Candidosis – Fungal infection in the mouth | The most common inflammations in the mouth

Candidosis – Fungal infection in the mouth

Candidosis is generally understood to be an infectious disease caused by fungi of the genus Candida. Oral thrush (also called Stomatitis candidomycetica) is a candidosis of the mucous membranes of the mouth and possibly the throat. The oral thrush is usually caused by the fungus Candida albicans.

This fungus is a harmless saprophyte in the mucous membrane of the mouth and throat and does not cause disease in healthy people. However, in the case of congenital or acquired immunosuppression (e.g. by HIV, antibiotics, cytostatics or sepsis), the fungus can be infectious and attack the mucous membranes, which then manifests itself as an inflammation in the mouth. The diagnosis is made microscopically with the help of a smear of the mucous membrane.
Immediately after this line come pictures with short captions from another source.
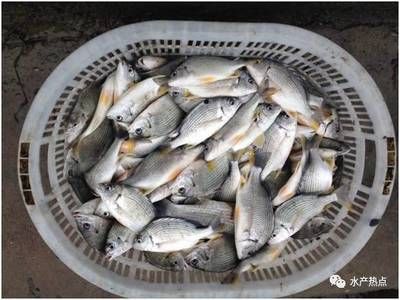 黃鰭鯧魚混養注意事項：黃鰭鯧魚與哪些魚混養和諧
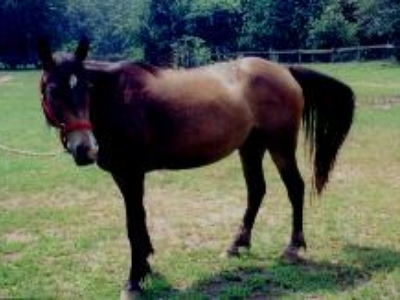 Caesar was half Paso Fino and half Morgan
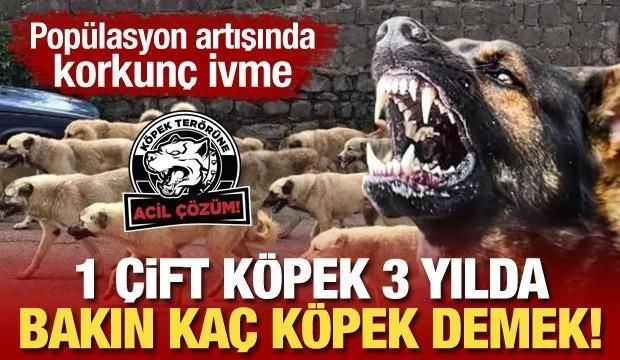 MHP lideri Bahçeli'den başıboş köpeklere ilişkin açıklama: Çok tehlikeli boyutlara ulaştı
In order to initiate an adequate therapy, the fungus must be cultivated in a culture. Then the diagnosis is certain. Candidosis of the mouth and throat mucosa is treated with antimycotics such as Econazole, Nystatin, Amphotericin B, Natamycin or Miconazole.

These are applied locally. Disinfecting mouthwashes and cleansing agents such as gels are also available. It is also important to eliminate the cause. If the candidosis, for example, on the floor of an antibiotic treatment developed, the antibiotic should be discontinued or changed.

Habitat Aphthae

This is an inflammation in the mouth that recurs very often. The disease is very painful and non-infectious. It is estimated that up to 25% of the total population suffers from these recurrent aphthae.Many different causes are discussed in connection with the development of habitual aphthae.

It is therefore assumed that habitual aphthae are the manifestation of very different underlying disease patterns. Possible causes are allergies, food intolerances (e.g. nuts and citrus fruits), deficiency symptoms (vitamin B12, iron, folic acid) and small traumas caused by biting the mucous membrane of the mouth and cheeks. In addition, immunological reactions seem to play a role, for example in Behçet’s disease.

Viral infections seem to be involved as well, since the cytomegalovirus can be partially detected in the aphtae. This virus belongs to the herpes virus family. Finally, intolerances to toothpaste ingredients are also a possible cause.

The aphthae show up as sharp oval swellings separated by a red rim, which appear whitish. They can be up to 2 cm in size and usually heal without scarring within 2 weeks. These aphthae are preferably located on the inside of the lips and cheek mucosa.

There may also be aphtae on the tongue and aphtae in the throat. There are various approaches to the treatment of aphthae, which are more or less successful. First of all, avoiding potentially intolerable foods such as nuts can improve the situation.

Antibiotic pastes and mouth rinses (e.g. tetracycline and chlortetracycline) can shorten the duration of the disease. Antiseptic and local anaesthetic mouthwashes can be used to relieve the symptoms of inflammation in the mouth, but this does not shorten the duration of the disease. Anti-inflammatory gels and pastes containing corticoids are also used. Finally, if the course of the disease is very resistant to therapy, systemic therapy with colchicine, dapsone, doxycycline and thalidomide, among others, can be used.